Luce received a Mathematics PhD in 1950 from the Massachusetts Institute of Technology. His university appointments have included Columbia, Harvard, the University of Pennsylvania, and UC Irvine. In 1988 he founded and assumed the directorship of the UCI Institute for Mathematical Behavioral Sciences, which he headed for 10 years. Currently he is UCI Distinguished Research Professor Emeritus of Cognitive Sciences and Economics.

Luce's work is both theoretical and empirical and above all, mathematically infused. It crosses boundaries among psychology, mathematics, and economics, always with an eye to understanding human behavior from a rigorous theoretical perspective. When asked to cite some of his research contributions that were "favorite children," Luce's list revealed the breadth of his contributions: reanalysis of Fechner's scaling method, the choice axiom, additive conjoint measurement (with J. W. Tukey), contributions to games and decision making, and his book Response Times. Of the choice axiom, which commonly bears his name, he noted that it is important not because it is always right - "it isn't" - but because it both provided a somewhat novel framework for thinking about probabilities and inspired others to study and apply several variants.

Luce also cited as career highlights the Handbook of Mathematical Psychology (with R. R. Bush and E. Galanter) and Foundations of Measurement (with D. H. Krantz, P. Suppes, and A. Tversky), both published as three-volume sets. He has had a number of significant collaborations, including two decades of interaction with Louis Narens on fundamental aspects of measurement and recent association with A. A. J. Marley and several functional equations experts, especially János Aczél and C. T. Ng, on issues of measurement in utility theory and psychophysics.

Although the National Medal of Science is given in the category of "Behavioral or Social Sciences," a perusal of winners from psychology reveals a heavy emphasis on mathematical theorizers, including William Estes, Patrick Suppes, Roger Shepard, and Herbert Simon. Perhaps this is because the representatives of science and engineering who constitute the award committee see common ground with the methods of mathematical psychology, Luce conjectured. The mathematical approach, he suggested, points to one of the challenges facing psychological science today, namely, the lack of unified ideas and themes.

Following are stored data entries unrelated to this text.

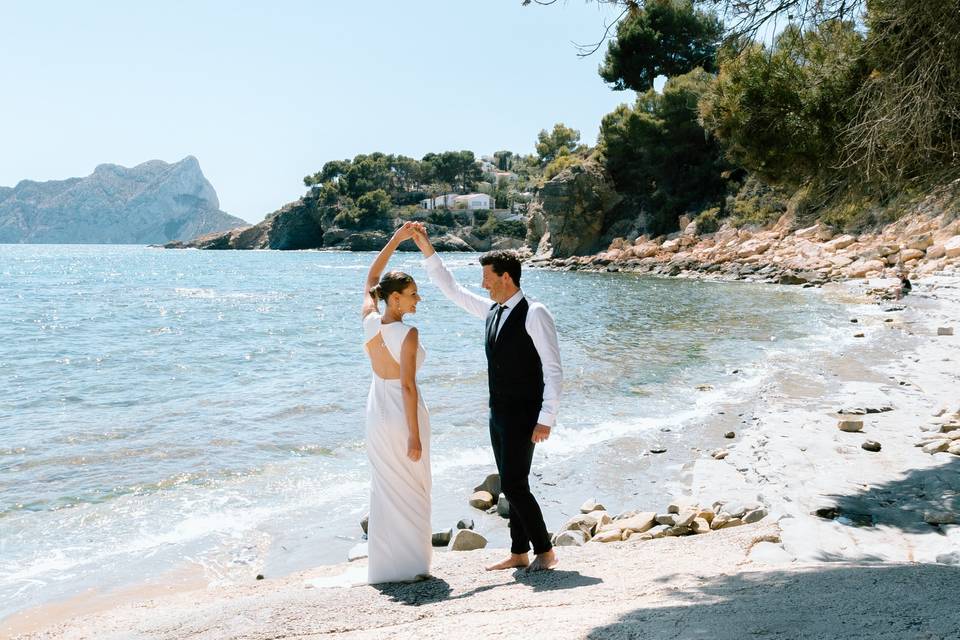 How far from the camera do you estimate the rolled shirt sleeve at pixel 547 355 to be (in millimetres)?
4637

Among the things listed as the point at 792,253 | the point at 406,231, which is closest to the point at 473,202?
the point at 792,253

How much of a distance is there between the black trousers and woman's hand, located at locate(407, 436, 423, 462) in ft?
1.51

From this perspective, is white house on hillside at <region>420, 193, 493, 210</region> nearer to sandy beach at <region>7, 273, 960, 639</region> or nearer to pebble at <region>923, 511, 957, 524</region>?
sandy beach at <region>7, 273, 960, 639</region>

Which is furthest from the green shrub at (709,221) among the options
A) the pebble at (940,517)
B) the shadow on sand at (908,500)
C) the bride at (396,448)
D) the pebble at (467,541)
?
the bride at (396,448)

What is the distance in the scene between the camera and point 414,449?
4770 mm

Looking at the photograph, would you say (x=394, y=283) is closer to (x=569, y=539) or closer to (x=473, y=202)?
(x=569, y=539)

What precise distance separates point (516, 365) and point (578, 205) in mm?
59454

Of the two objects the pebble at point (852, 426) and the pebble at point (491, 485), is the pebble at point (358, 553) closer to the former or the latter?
the pebble at point (491, 485)

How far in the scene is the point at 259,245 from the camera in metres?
147

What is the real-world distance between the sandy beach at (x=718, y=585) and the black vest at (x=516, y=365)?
1.08 meters

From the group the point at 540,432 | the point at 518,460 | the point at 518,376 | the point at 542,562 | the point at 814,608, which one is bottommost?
the point at 542,562

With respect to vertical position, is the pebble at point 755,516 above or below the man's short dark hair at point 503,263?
below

"Physicists agree on several - three or four - theoretical problems to attack; in psychology every theorist has a view." The lack of consensus, said Luce, may reflect the field's tendency to pursue research that rejects null hypotheses. He indicated that Psychology is perhaps one of a few sciences to focus mostly on the goal of rejecting something, rather than finding out what is approximately true. Mathematical psychology, on the other hand, tends to rely on model fitting and evaluation, an approach that intrinsically seeks to accept a null hypothesis that is framed by the model itself, that is, by its axioms and mechanisms. If the model is rejected, it's "back to the drawing board." Of course, issues of sample size and power are important in model testing and must be taken into account, but the goal of the model builder is to construct a "proper" model, not to reject an improper one. The broad impact of Luce's work attests to the value of the modeling approach.